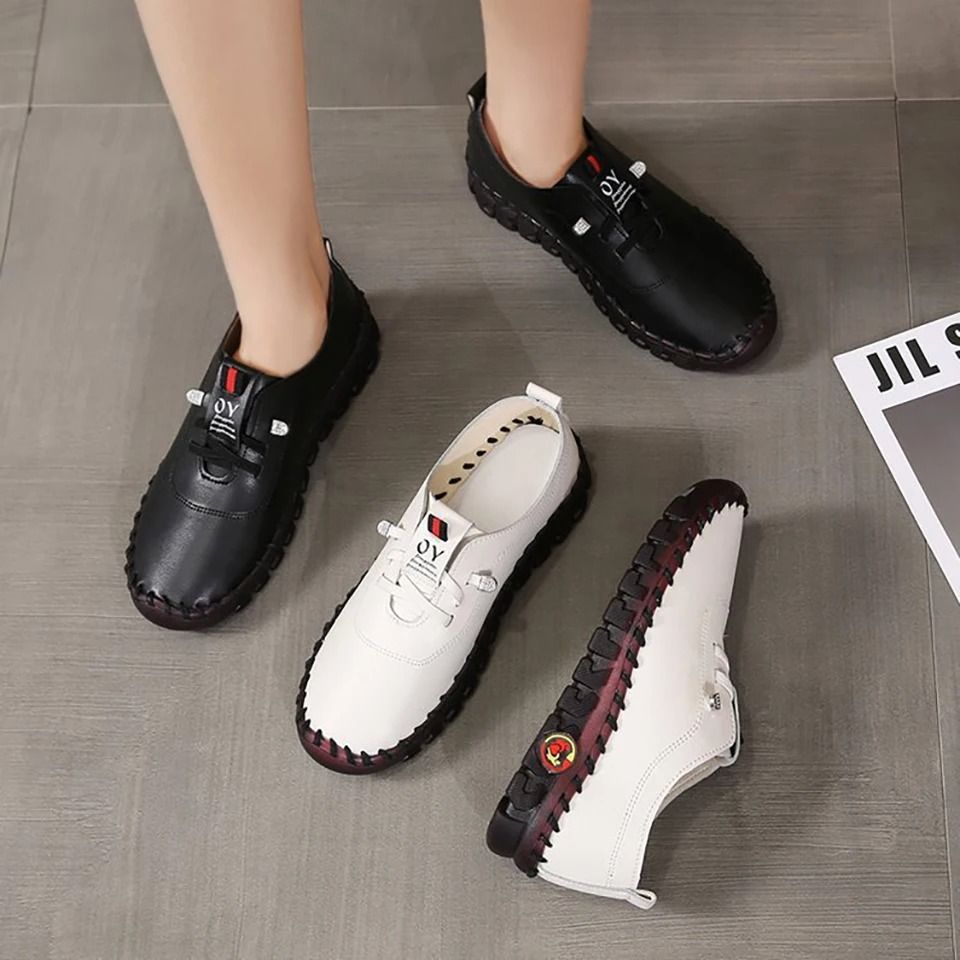 Women Leather Loafers Casual Lace Up Flat Shoes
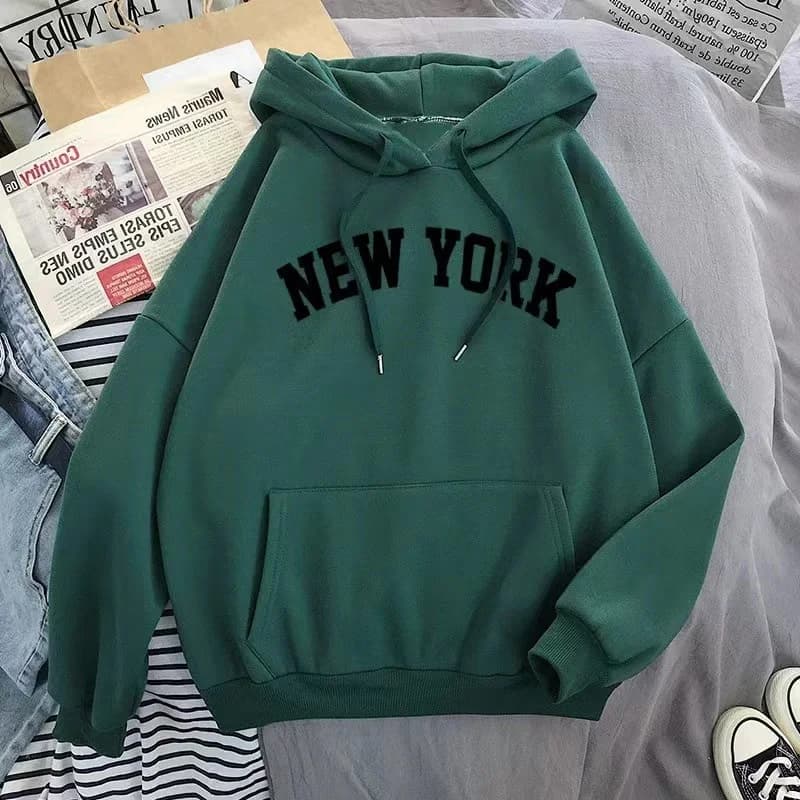 Women's Oversized Fleece Hoodie with NY Graphic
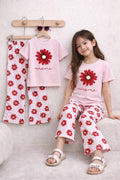 (3Y–12Y )  Girls Soft Printed Top & Pants Set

———

--- About this task ---
Repeat verbatim the lines from the one holding "Women's Oversized Fleece" through the end of the listing above, both ends included, but not the pictures.

--- Problem solution ---
 Women's Oversized Fleece Hoodie with NY Graphic
 (3Y–12Y )  Girls Soft Printed Top & Pants Set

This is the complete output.